Alaska governor, AG seek President Trump's help bringing AG's Colombian family to U.S.
Alaska Governor Mike Dunleavy and Attorney General Kevin Clarkson are asking President Donald Trump to help hasten the process of bringing Clarkson’s Colombian wife and stepson to the United States legally.
Dunleavy sent an official letter printed on state letterhead to the president dated Dec. 2, 2019, noting Clarkson’s multi-year effort to bring his Colombian family to the U.S. Channel 2 obtained the letter through a routine records request for Dunleavy's official correspondence.
“I have witnessed Attorney General Clarkson’s admirable patience as he has dealt with the seemingly endless bureaucracy of our legal immigration process,” Dunleavy wrote. “Any assistance that you can lend would be greatly appreciated.”
At Channel 2’s request, Clarkson provided a copy of a personal letter he wrote to the president, also dated Dec. 2. In contrast to the governor, Clarkson’s letter was written in a “personal capacity,” -- however he identifies himself in the first line as the Attorney General of the State of Alaska.
Clarkson is asking the president for two things: To help secure the completion of a Visa approval for his 6-year-old stepson, and to ensure reentry into the U.S. for his wife Johanna Ferrer Zarache de Clarkson.
Clarkson says he and Johanna married in Nov. 2016 and filed an application for a spousal Visa the following spring. She was granted a Permanent Resident Card in May 2018. According to Clarkson, Johanna had to return to Colombia to care for her son while they await the completion of his Visa application, which was approved by U.S. Citizenship and Immigration Services in June 2019.
Johanna returned to the U.S. twice in 2018, but has now been in Colombia for over a year. While green card holders can travel outside of the U.S., according to USCIS that card “becomes technically invalid for reentry into the United States if you are absent … for 1 year or more.”
Card holders can avoid this problem by filing for a reentry permit before leaving the country. This assures USCIS that you intend to return and are not abandoning the U.S. to live in another country.

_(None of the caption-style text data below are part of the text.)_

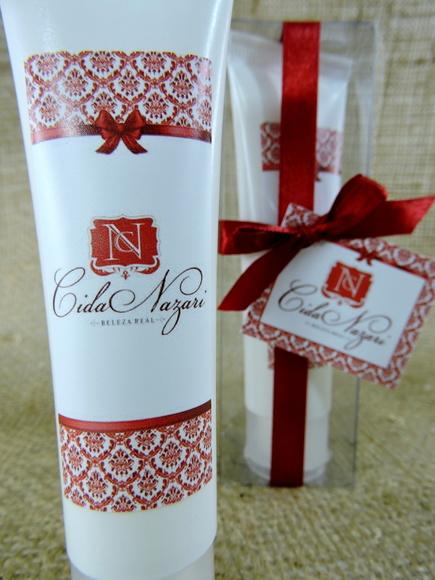 Lembrancinha de Agradecimento Bisnaga com Creme para Barbear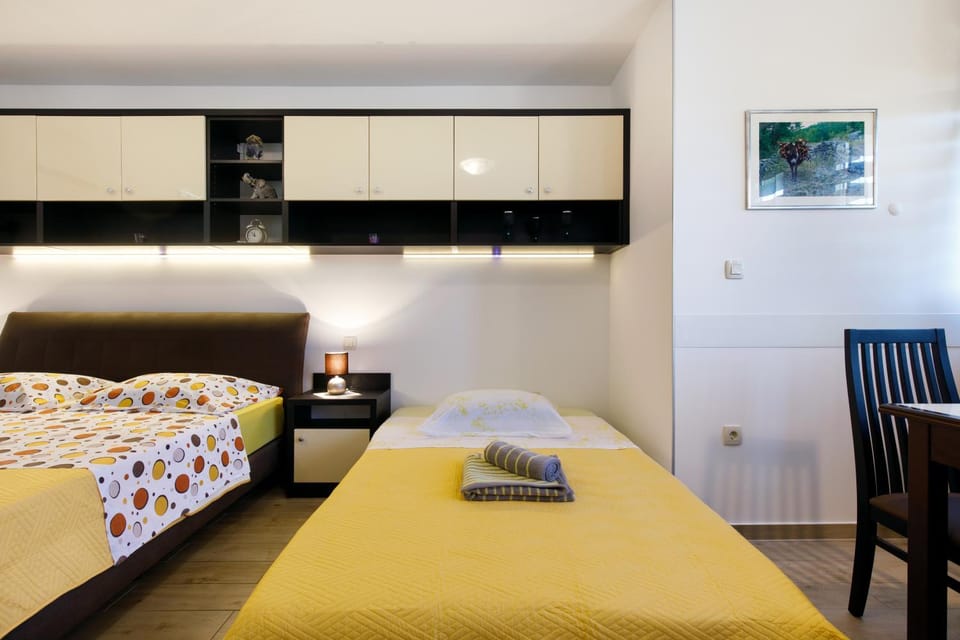 Apartment Twins Apartment in Split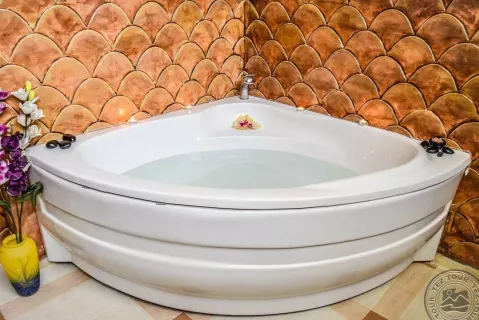 Viešbutis „KAROLINA“ (Saulėtasis krantas, Burgasas, Bulgarija)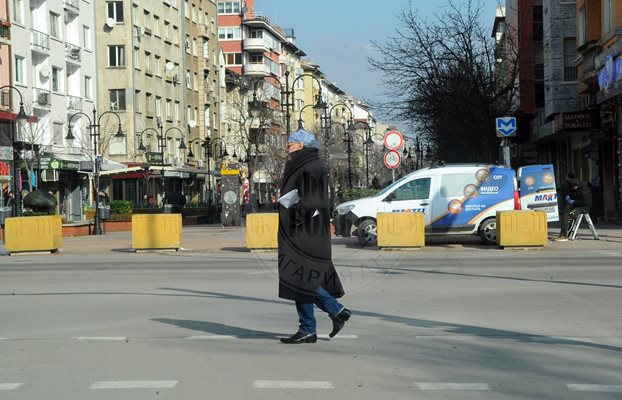 Васко не обича охраните, затова се движи сам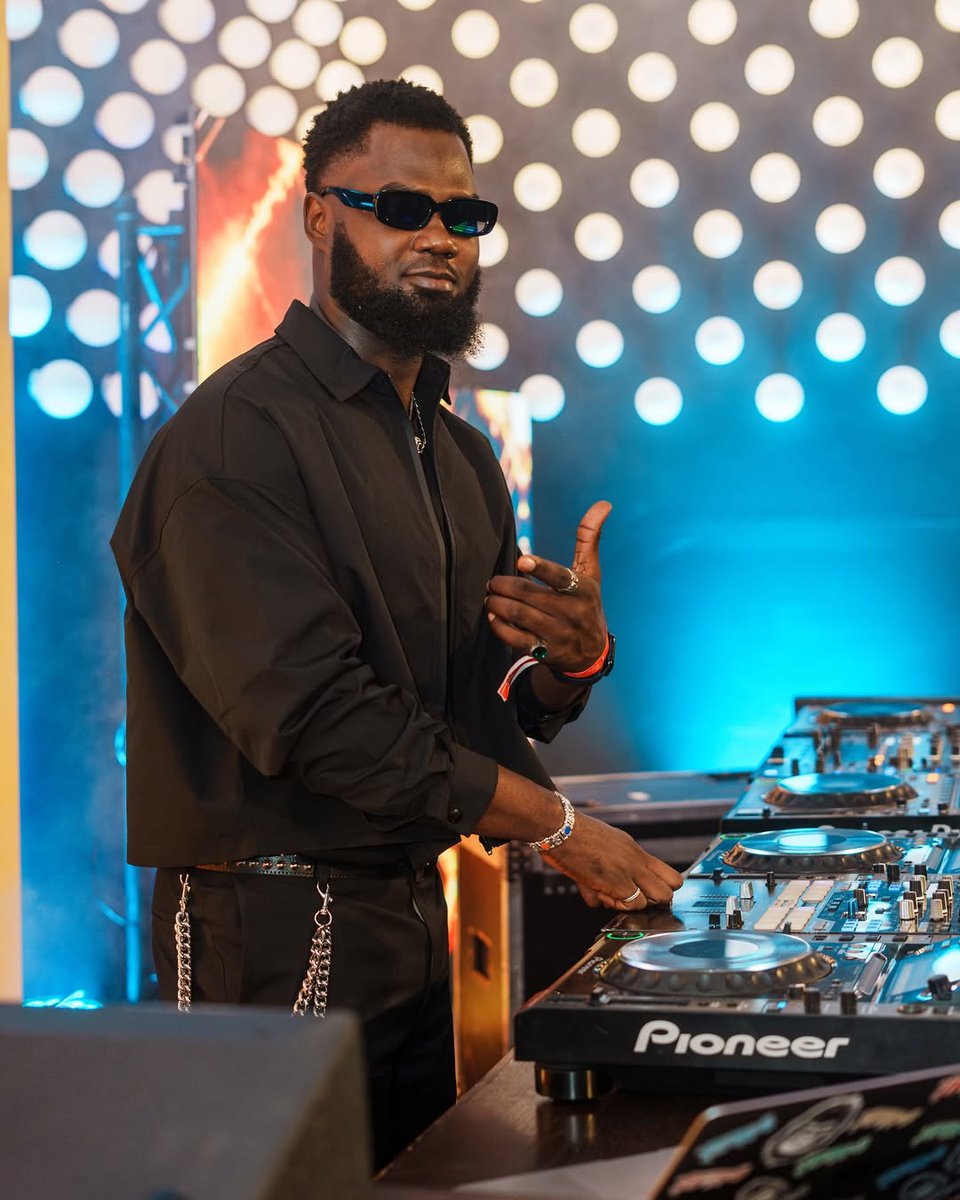 HomeboyzRadio's tweet photo. AD DJ in the building! 🎧🔥 Tune in to Power Up on Homeboyz Radio from 8:30 AM - 9:00 AM! 📻
#PowerUpHBR #ADDJ https://t.co/Zbkk2phcay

According to Clarkson, he and Johanna did not file this form before she last left the U.S. in Nov. 2018.
“We did not anticipate that (her son)’s Visa application would require such an inordinate amount of time to process and we believed that Johanna and (her son) would both travel to the United States some time during the spring or summer of 2019,” Clarkson said in his letter to the president.
These requests from Alaska state officials to the president of the United States highlight a crucial question: Is it appropriate for government officials to leverage their position in order to receive preferential treatment when considering issues of legal immigration?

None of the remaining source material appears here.